> [What you are asked to do]: Excluding any images, copy all of the lines below precisely as written.

START Collected data

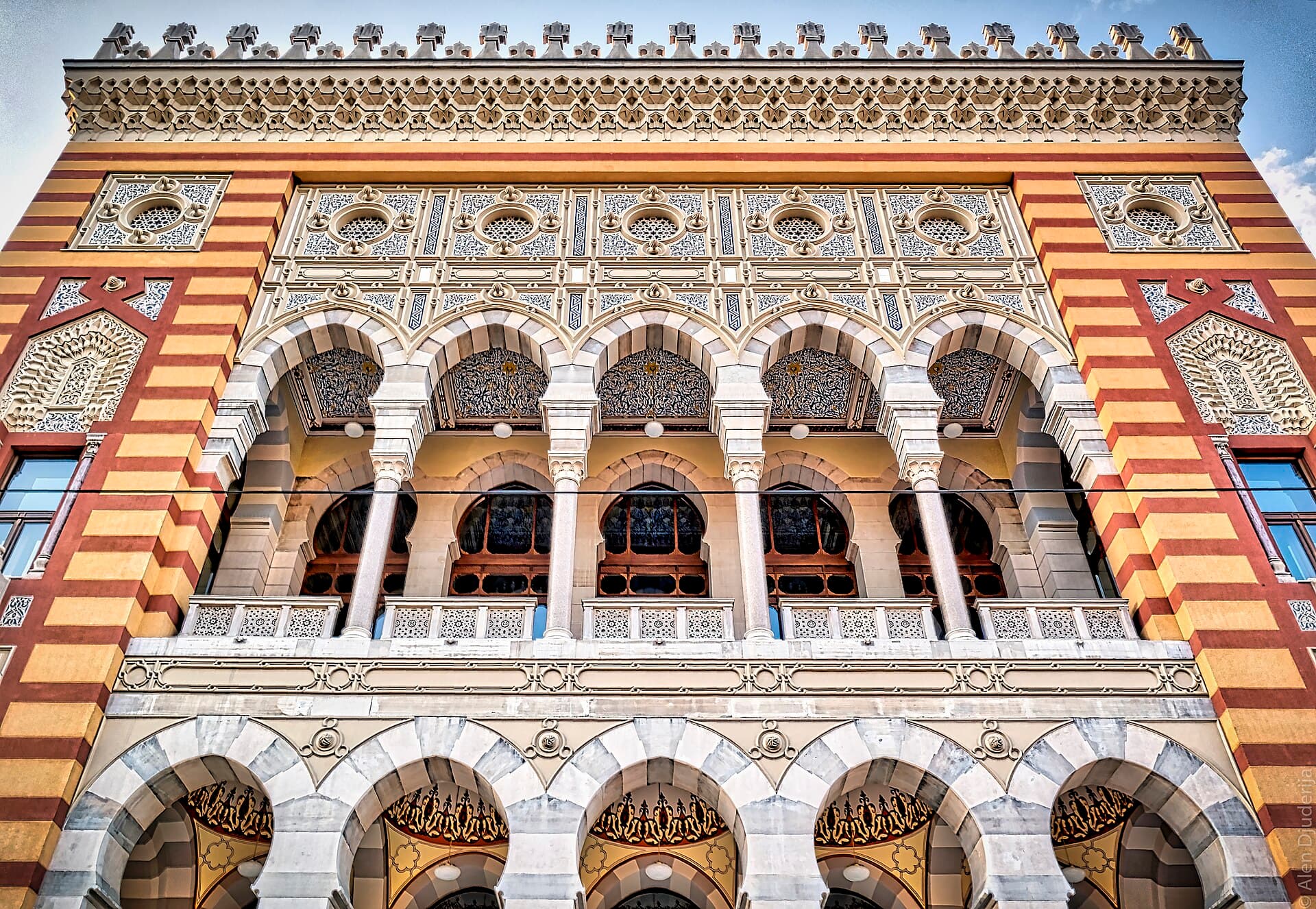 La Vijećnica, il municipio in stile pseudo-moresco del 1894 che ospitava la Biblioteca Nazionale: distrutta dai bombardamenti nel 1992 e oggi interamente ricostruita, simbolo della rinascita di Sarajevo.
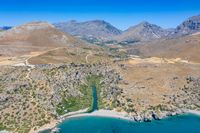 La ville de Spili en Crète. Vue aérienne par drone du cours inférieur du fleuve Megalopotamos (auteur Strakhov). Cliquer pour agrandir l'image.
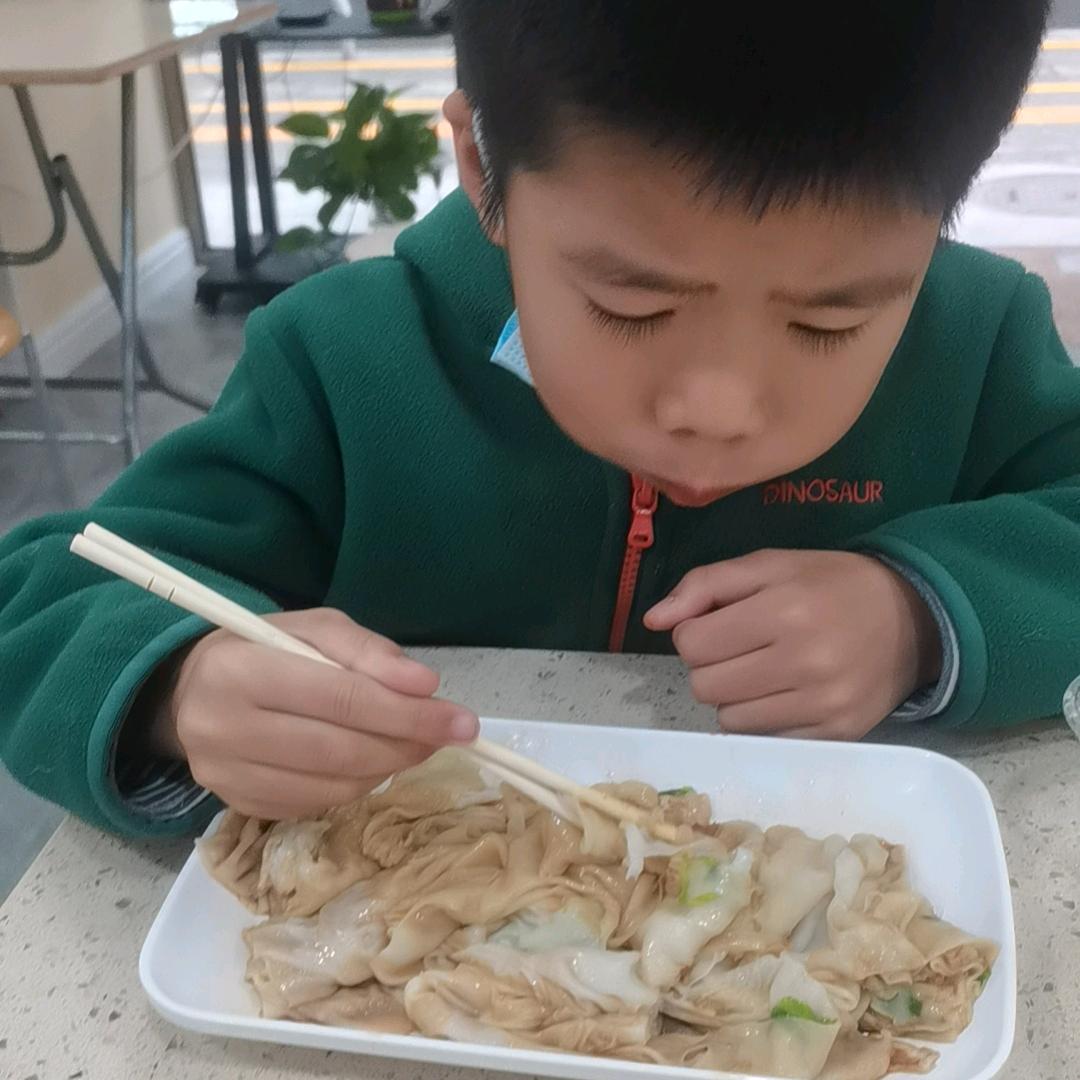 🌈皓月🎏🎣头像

END Collected data

> [Answer box]:
 La Vijećnica, il municipio in stile pseudo-moresco del 1894 che ospitava la Biblioteca Nazionale: distrutta dai bombardamenti nel 1992 e oggi interamente ricostruita, simbolo della rinascita di Sarajevo.
 La ville de Spili en Crète. Vue aérienne par drone du cours inférieur du fleuve Megalopotamos (auteur Strakhov). Cliquer pour agrandir l'image.
 🌈皓月🎏🎣头像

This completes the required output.